> _Work request_
Retype, word for word, the lines from the first line of the entries through the line that holds "Beau bow shaped"; leave out the pictures.

Stored items from a collection:
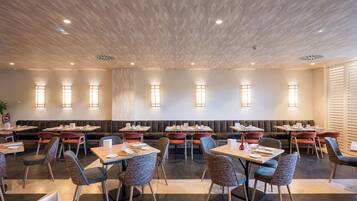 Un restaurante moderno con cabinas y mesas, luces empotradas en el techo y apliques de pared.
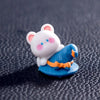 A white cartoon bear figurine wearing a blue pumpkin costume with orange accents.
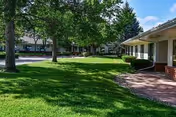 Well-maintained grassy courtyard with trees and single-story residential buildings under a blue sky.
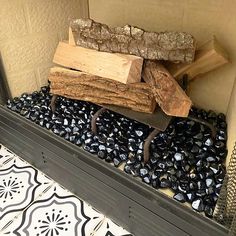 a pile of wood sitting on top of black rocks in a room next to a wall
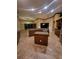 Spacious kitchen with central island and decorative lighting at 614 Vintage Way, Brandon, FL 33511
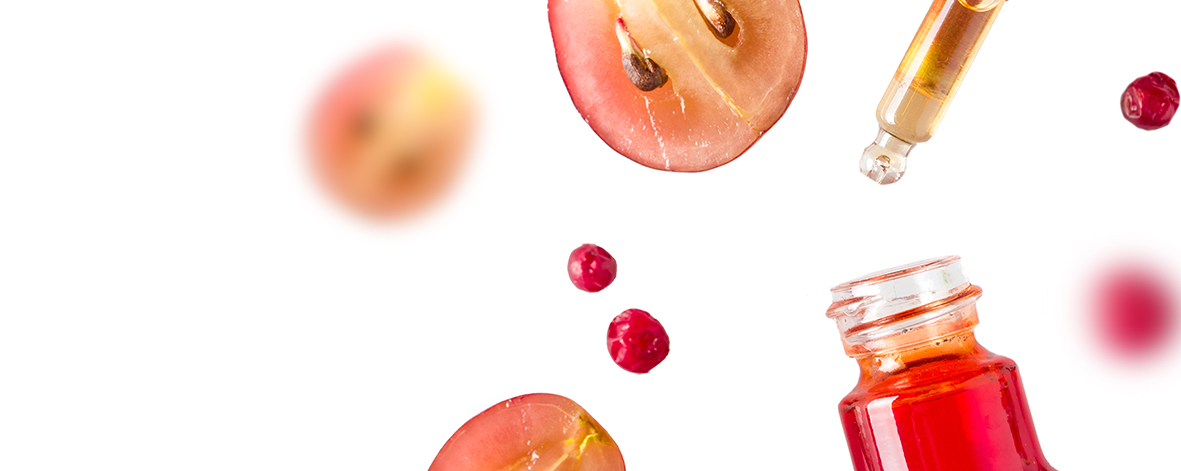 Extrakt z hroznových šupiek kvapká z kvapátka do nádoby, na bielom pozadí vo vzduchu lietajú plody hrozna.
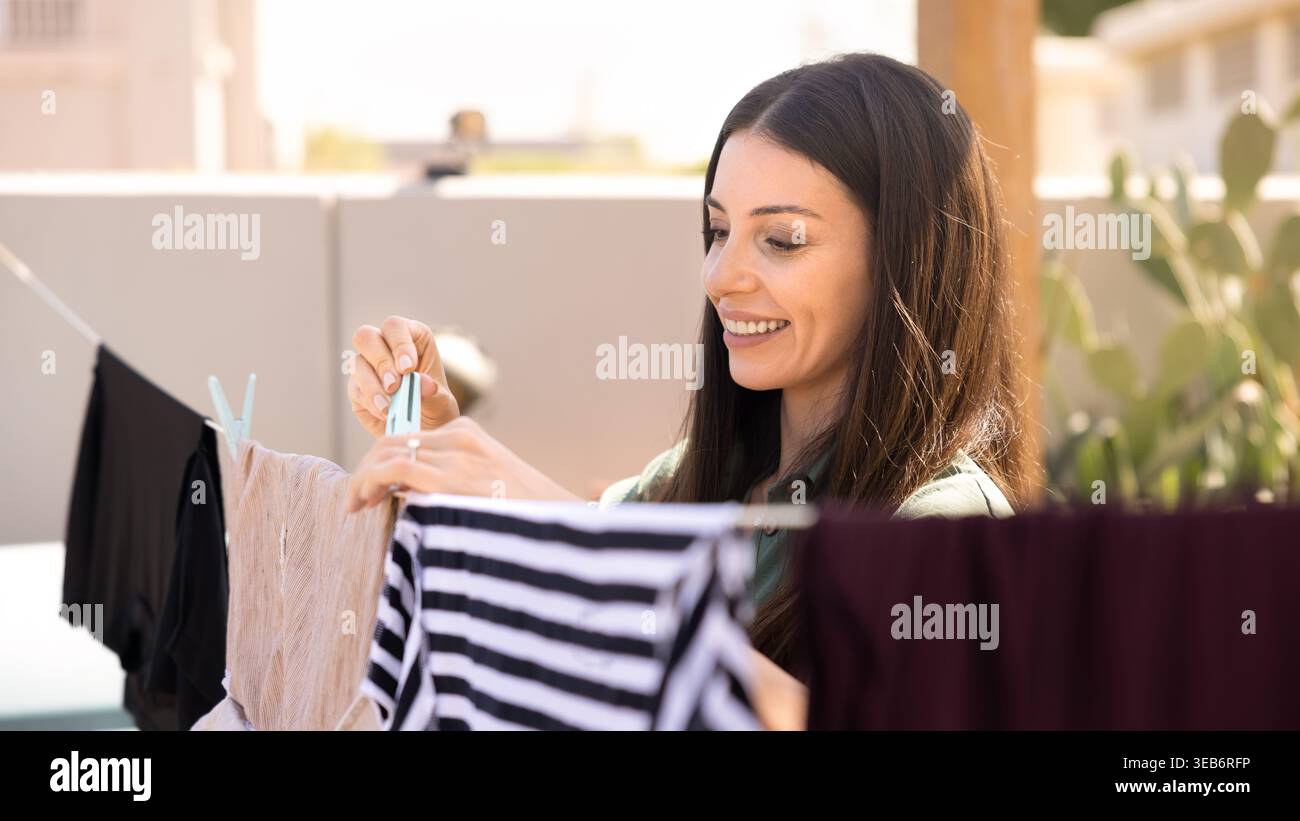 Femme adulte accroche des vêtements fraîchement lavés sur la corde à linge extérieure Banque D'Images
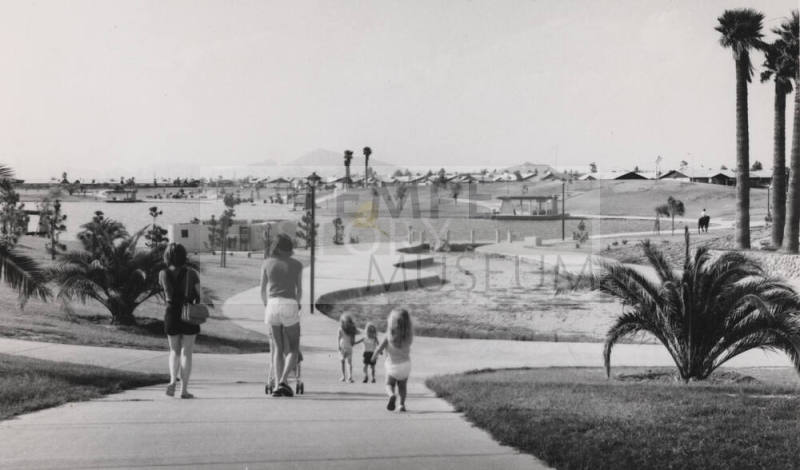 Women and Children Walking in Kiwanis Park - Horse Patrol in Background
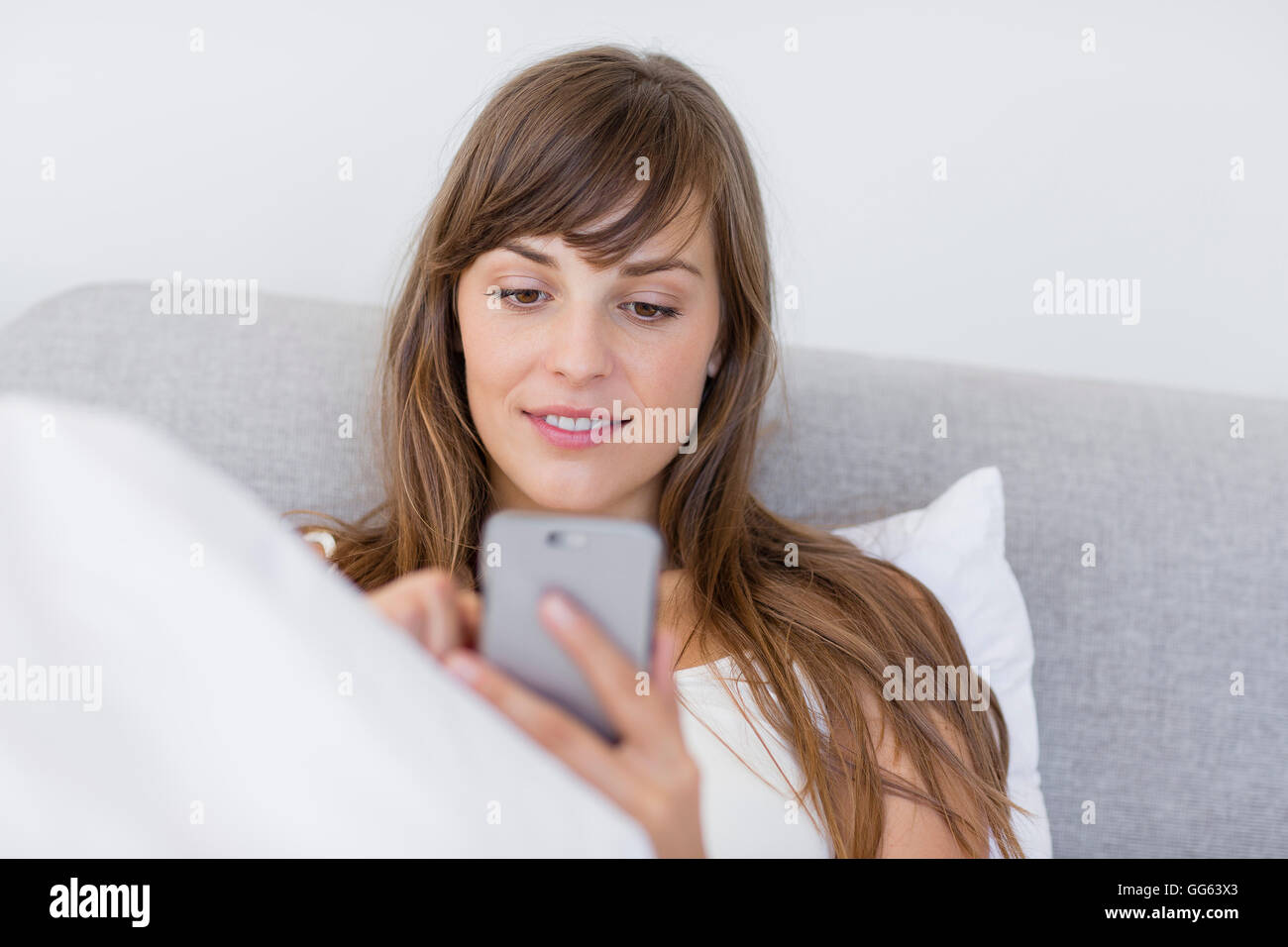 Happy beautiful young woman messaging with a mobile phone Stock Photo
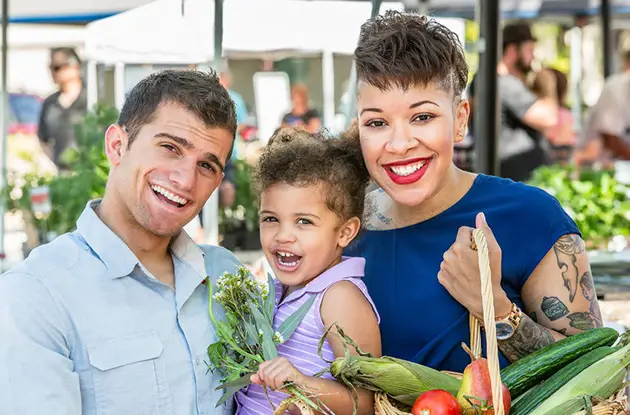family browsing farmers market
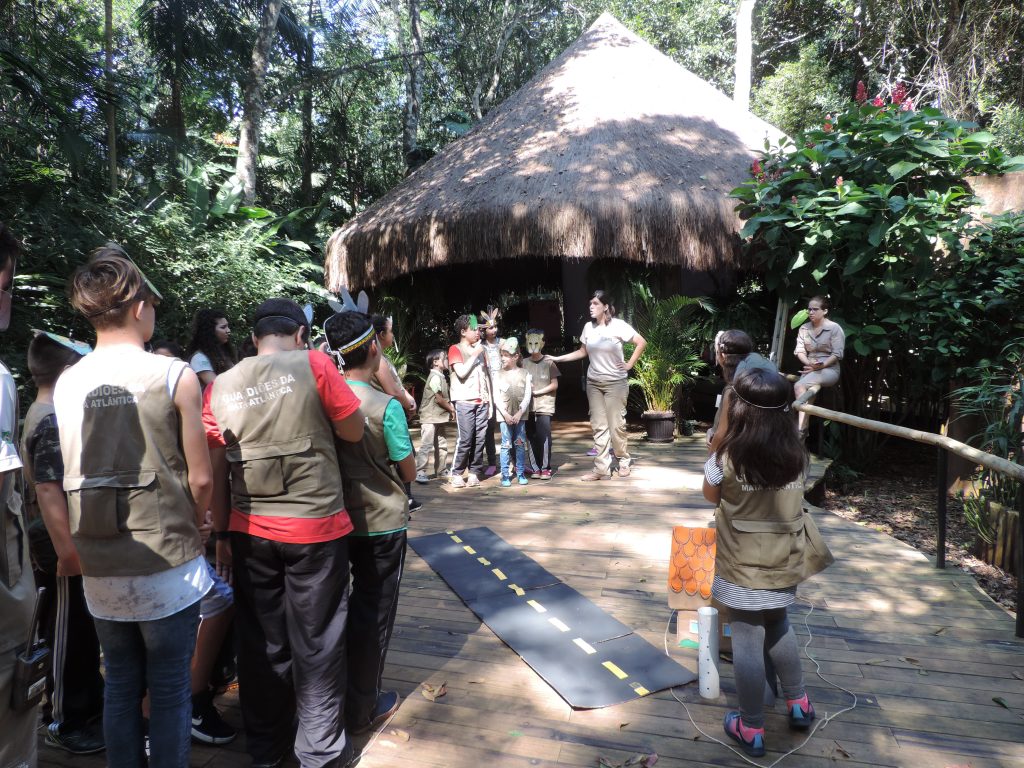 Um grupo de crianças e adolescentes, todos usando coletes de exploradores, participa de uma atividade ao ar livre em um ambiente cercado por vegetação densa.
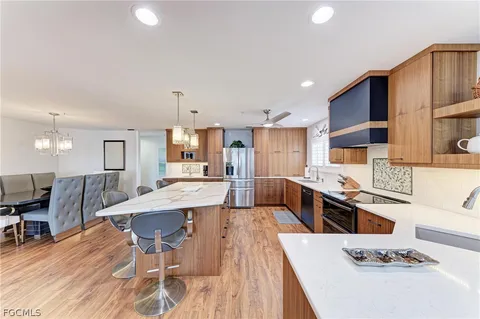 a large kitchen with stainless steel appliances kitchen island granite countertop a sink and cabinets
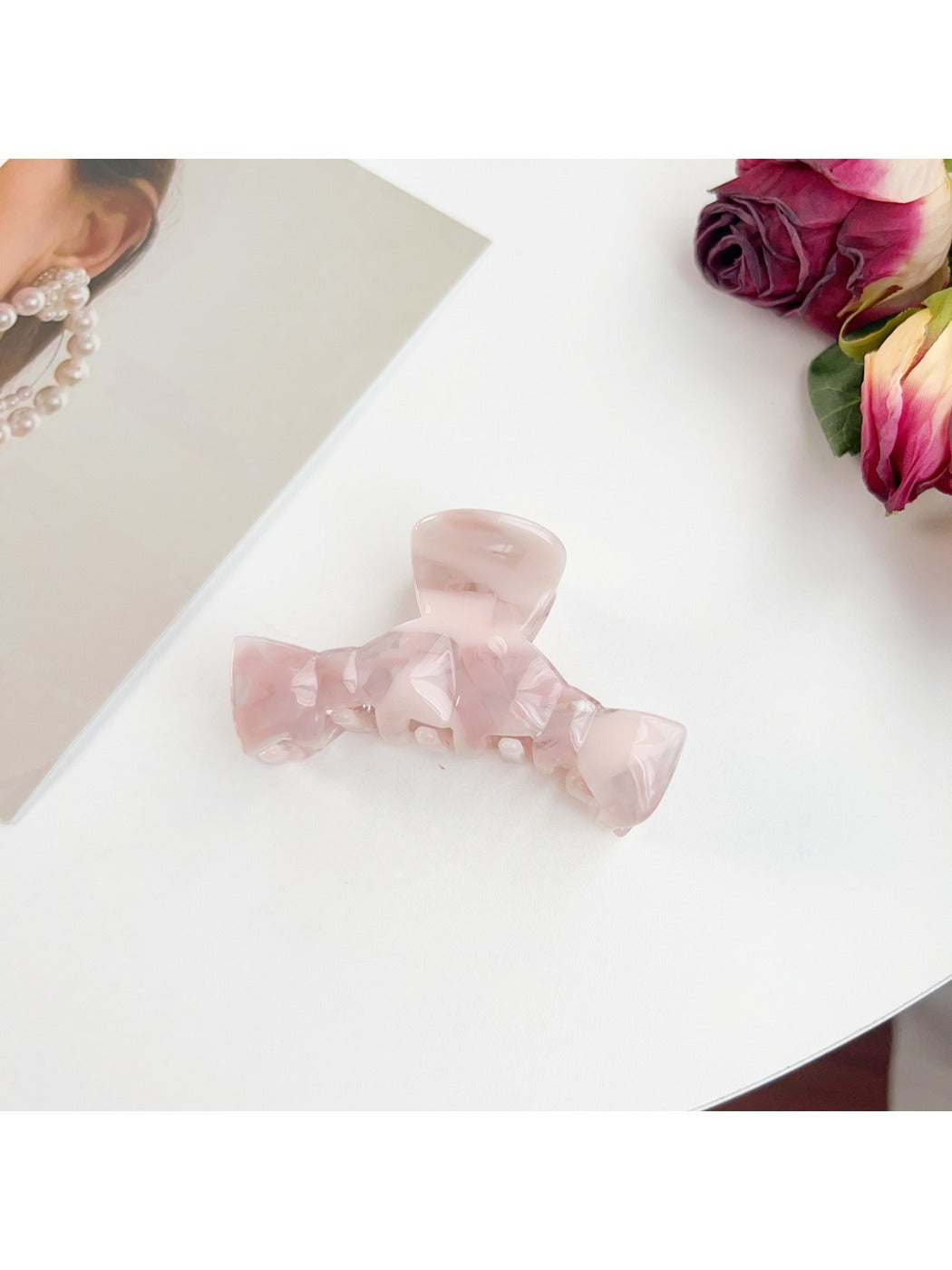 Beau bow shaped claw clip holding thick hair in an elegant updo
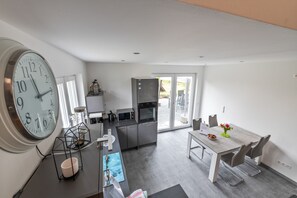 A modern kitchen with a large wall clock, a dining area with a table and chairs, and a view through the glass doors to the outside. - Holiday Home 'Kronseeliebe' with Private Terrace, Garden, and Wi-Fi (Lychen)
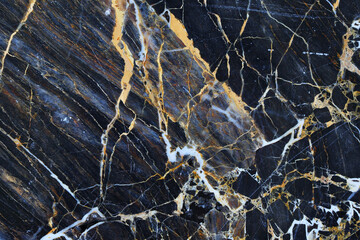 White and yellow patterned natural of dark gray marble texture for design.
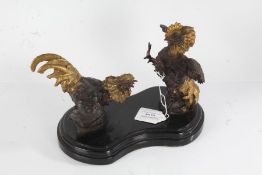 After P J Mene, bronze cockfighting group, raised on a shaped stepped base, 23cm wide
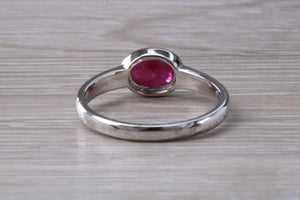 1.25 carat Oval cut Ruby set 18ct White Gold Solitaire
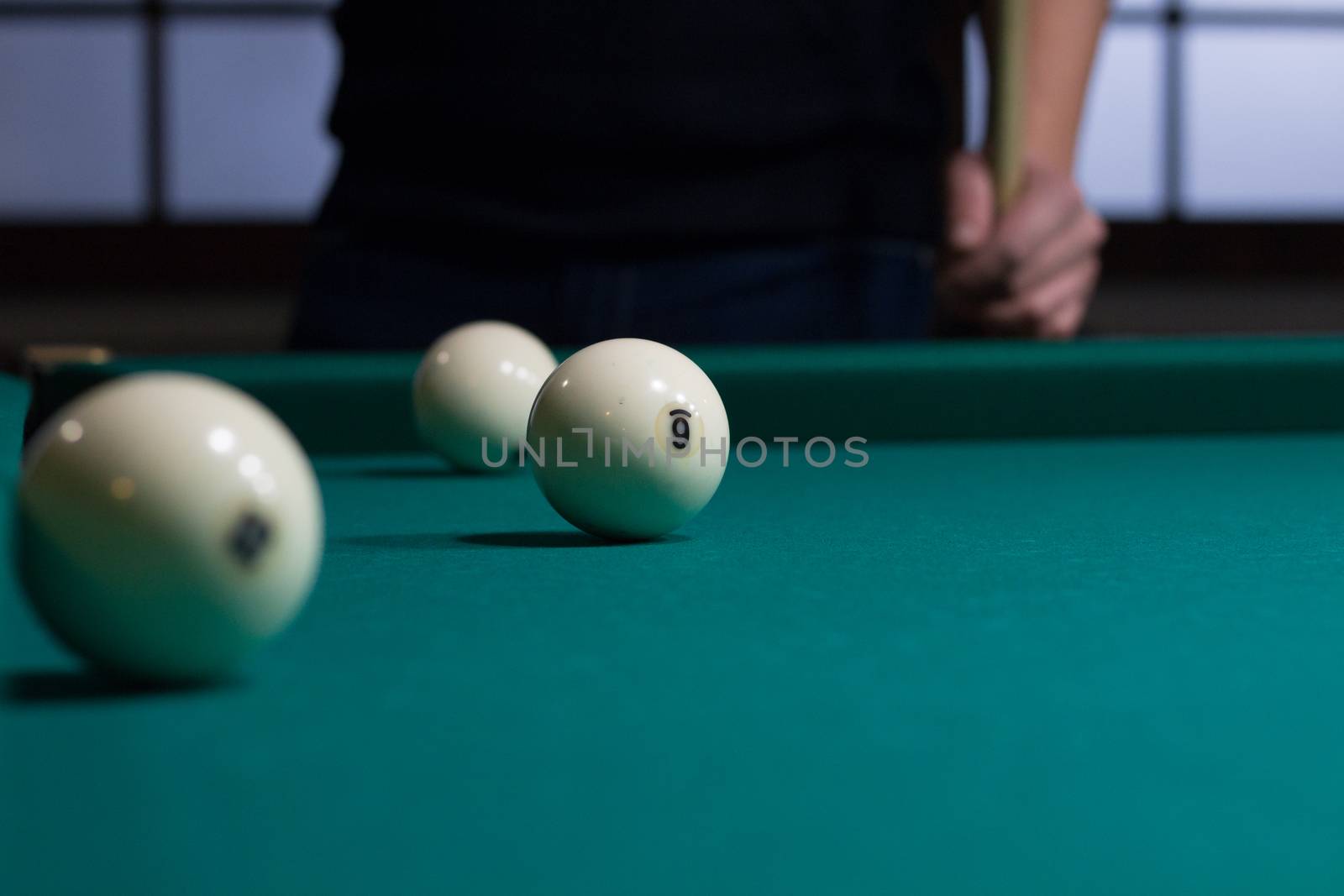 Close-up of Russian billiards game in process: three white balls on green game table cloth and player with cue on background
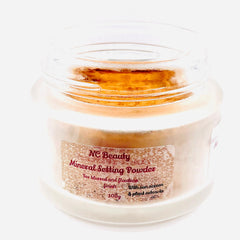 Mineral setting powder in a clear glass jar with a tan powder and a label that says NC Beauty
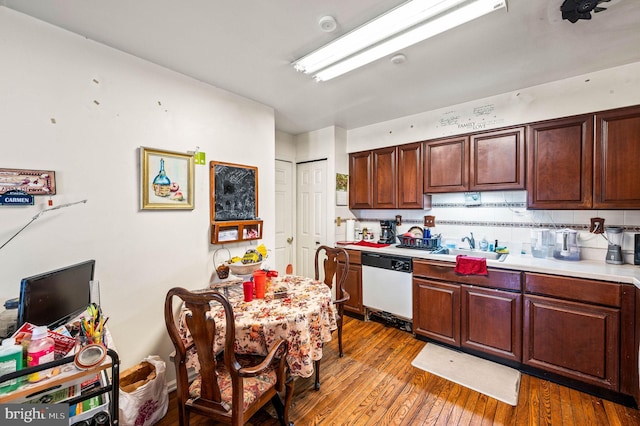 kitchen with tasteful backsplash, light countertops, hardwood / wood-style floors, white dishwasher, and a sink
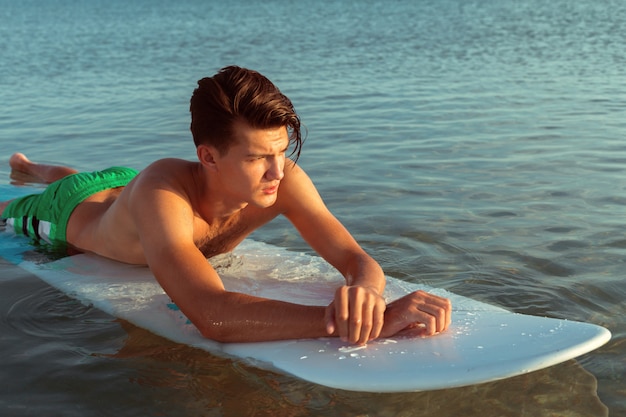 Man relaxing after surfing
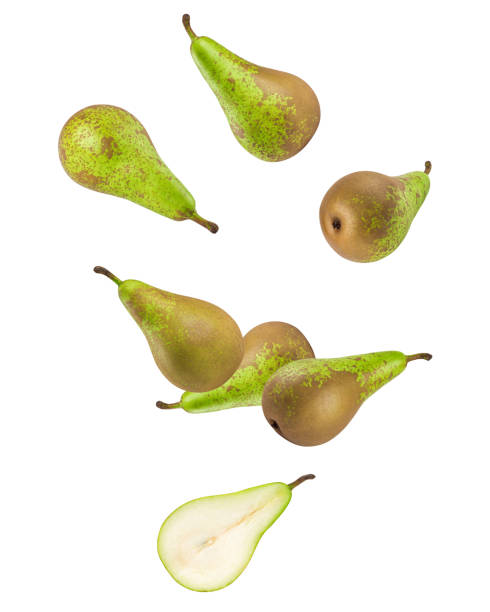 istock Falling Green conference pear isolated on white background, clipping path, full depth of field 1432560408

> _Task output_
 Un restaurante moderno con cabinas y mesas, luces empotradas en el techo y apliques de pared.
 A white cartoon bear figurine wearing a blue pumpkin costume with orange accents.
 Well-maintained grassy courtyard with trees and single-story residential buildings under a blue sky.
 a pile of wood sitting on top of black rocks in a room next to a wall
 Spacious kitchen with central island and decorative lighting at 614 Vintage Way, Brandon, FL 33511
 Extrakt z hroznových šupiek kvapká z kvapátka do nádoby, na bielom pozadí vo vzduchu lietajú plody hrozna.
 Femme adulte accroche des vêtements fraîchement lavés sur la corde à linge extérieure Banque D'Images
 Women and Children Walking in Kiwanis Park - Horse Patrol in Background
 Happy beautiful young woman messaging with a mobile phone Stock Photo
family browsing farmers market
 Um grupo de crianças e adolescentes, todos usando coletes de exploradores, participa de uma atividade ao ar livre em um ambiente cercado por vegetação densa.
 a large kitchen with stainless steel appliances kitchen island granite countertop a sink and cabinets
 Beau bow shaped claw clip holding thick hair in an elegant updo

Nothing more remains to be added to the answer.